• Work to complete: Output exactly, and only, the lines below from the one with "latin bestshow online" down to the one with "サーモスーツ2026 ［グレーxネイビー］ : サンボルト ヤフー店 - 通販". Include both end lines and no pictures.

• Records supplied:
=== Section Start ===

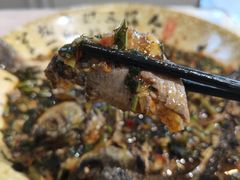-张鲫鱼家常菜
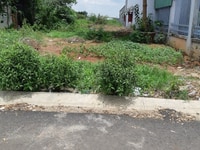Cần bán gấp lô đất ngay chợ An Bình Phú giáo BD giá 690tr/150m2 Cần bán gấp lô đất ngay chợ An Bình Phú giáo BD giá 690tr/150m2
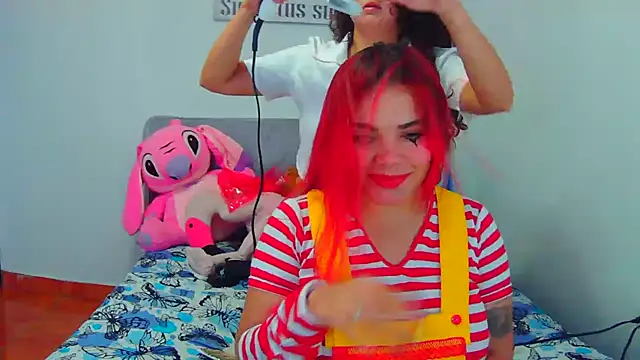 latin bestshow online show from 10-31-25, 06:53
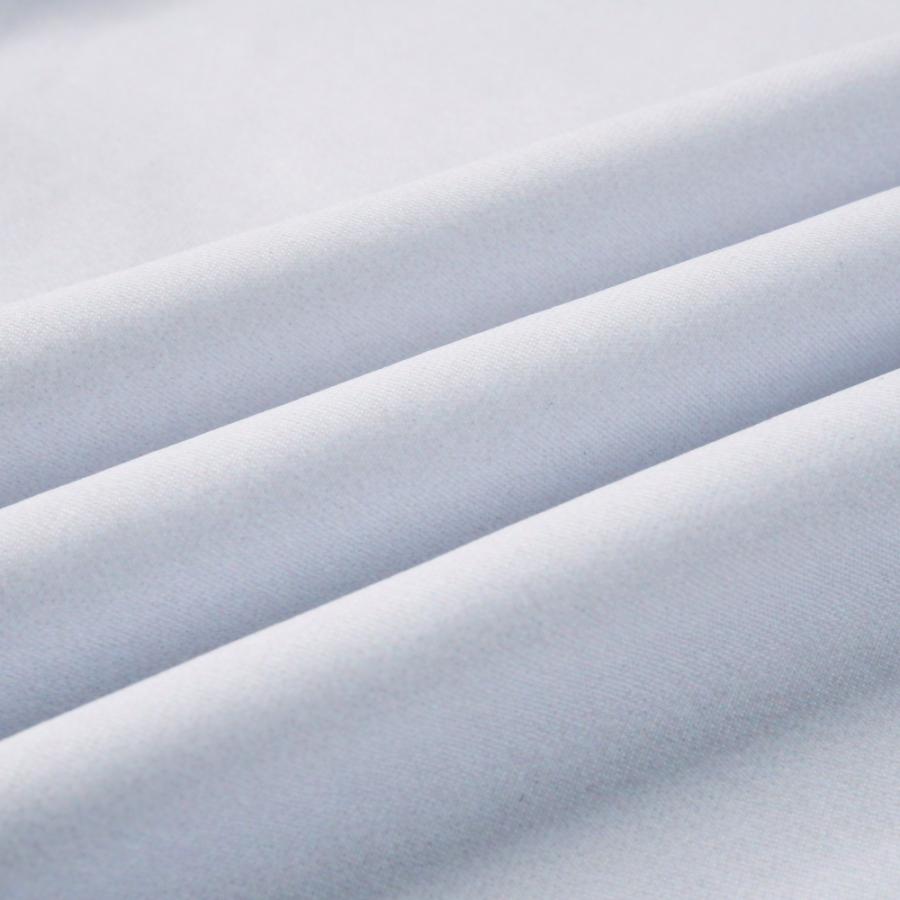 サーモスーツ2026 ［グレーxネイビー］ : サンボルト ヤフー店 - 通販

=== Section End ===
=== Section Start ===

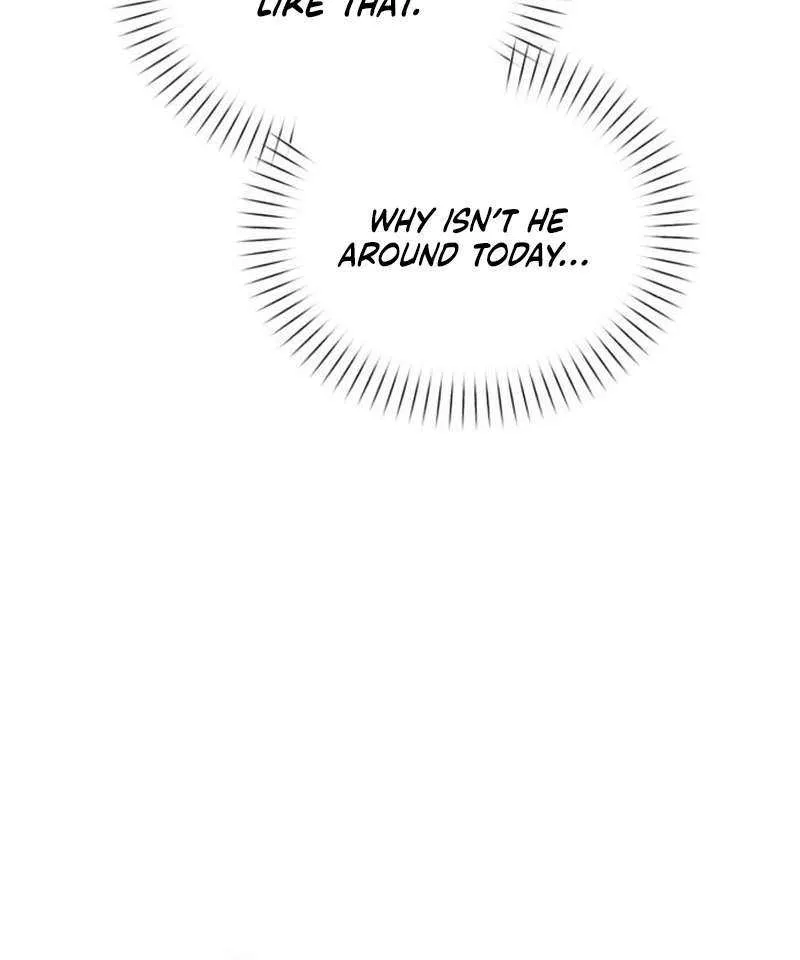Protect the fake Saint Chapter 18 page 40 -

=== Section End ===

• Response area:
 latin bestshow online show from 10-31-25, 06:53
 サーモスーツ2026 ［グレーxネイビー］ : サンボルト ヤフー店 - 通販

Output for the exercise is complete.